A new task force in the 50's developed the 1955 Cameo. The Cameo's design was called the “Modern Design for Modern Hauling.” The so called modern design was the first ever luxury truck.

Despite the higher average sales price, by 1956 more and more trucks buyers liked the luxury truck
features such as: copious amounts of chrome, more interesting car interior fabrics and patterns. The truck had a short production run from 1955 to 1958, however the Cameo design was still able to sell 10,000 units.

The truck's sculpted-iconic flat fiberglass bed panels, deluxe BelAir interior, car style wheel covers
along with a Ferrari inspired egg crate grill made the Cameo very unique. Not to be out done, designers even made the flat sides of the rear bed from fiberglass. The fenders, taillights and spare tire carrier were made of fiberglass as well. For looks rather than utility, the designers added 1/3 more window glass than the previous 3100 series.

Like other light duty Chevy trucks of the 1955 model year, the Cameo had a new frame, longer leaf springs, a wider track and a shorten wheelbase that was now 114 inches.
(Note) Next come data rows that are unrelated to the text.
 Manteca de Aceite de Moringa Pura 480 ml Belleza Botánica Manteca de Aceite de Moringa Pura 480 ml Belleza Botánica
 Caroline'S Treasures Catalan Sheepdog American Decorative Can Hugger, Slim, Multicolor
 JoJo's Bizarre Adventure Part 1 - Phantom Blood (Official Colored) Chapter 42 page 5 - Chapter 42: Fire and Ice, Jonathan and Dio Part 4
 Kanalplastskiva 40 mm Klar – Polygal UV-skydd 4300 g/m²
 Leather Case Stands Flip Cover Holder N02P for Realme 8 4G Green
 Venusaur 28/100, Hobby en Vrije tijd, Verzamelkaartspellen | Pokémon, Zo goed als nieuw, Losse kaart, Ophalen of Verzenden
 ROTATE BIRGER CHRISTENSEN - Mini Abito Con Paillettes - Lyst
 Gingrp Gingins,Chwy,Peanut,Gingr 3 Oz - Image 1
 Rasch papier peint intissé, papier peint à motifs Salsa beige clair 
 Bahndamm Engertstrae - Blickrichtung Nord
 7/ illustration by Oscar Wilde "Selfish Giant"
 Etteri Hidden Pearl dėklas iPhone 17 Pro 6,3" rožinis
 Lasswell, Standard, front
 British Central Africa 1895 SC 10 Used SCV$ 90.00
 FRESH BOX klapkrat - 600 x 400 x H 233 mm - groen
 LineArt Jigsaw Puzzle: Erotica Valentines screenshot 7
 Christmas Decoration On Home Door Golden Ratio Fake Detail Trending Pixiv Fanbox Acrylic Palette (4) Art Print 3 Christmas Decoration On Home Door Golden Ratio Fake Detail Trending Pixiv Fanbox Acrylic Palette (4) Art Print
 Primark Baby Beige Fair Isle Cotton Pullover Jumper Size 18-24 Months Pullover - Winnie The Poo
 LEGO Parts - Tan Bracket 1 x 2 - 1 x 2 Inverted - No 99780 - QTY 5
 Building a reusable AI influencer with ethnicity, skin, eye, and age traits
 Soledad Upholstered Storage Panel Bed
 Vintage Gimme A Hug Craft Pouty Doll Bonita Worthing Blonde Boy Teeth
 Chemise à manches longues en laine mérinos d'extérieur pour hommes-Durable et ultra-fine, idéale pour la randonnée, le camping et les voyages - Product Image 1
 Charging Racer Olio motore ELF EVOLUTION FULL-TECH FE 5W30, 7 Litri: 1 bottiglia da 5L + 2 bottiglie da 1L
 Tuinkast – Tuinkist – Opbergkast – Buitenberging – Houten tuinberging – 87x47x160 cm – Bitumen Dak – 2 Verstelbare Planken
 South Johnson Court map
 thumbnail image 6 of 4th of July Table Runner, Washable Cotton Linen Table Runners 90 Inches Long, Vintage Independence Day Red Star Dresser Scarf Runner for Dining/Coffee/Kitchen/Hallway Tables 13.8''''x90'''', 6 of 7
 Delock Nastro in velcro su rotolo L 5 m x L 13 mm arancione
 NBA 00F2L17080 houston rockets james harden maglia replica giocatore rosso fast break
A V-8 engine was an available upgraded for the Cameo. The V-8 was a new 264 CI engine that produced 145 HP. Although not as powerful of an engine as was installed in the passenger-cars of 1955, the new engine was a vast improvement over its previous year's 3100 series. The 3100 of the year before sported the old “Stovebolt Six. The 1955 Cameo's other engine of choice was a straight six. The new straight six had six more horses under the hood, bringing the HP rating to 123HP.

The Cameo buyer could also buy the truck with a “Custom Cab” improvement. The improvements included a wrap around back lights that could replace optional corner windows. The seats could be upgraded to foam padded seats. Chrome knobs, dual armrests and sun visors were also available, as were chromed headlight bezels, grill, bumper guards, and a hood ornament.

Paint was also apart of the great equation, as Cameo were painted in Bombay Ivory with red accents.

Unique to the Cameo was that the tailgate swung down held by cables that retracted into small hidden spring loaded pulleys.

If not not to be the best known truck in the late 50's, to me at least, the cameo was one of the most important pickups for future model years designs and options. Arguably, the Cameo was one of the best-looking pickup trucks ever made.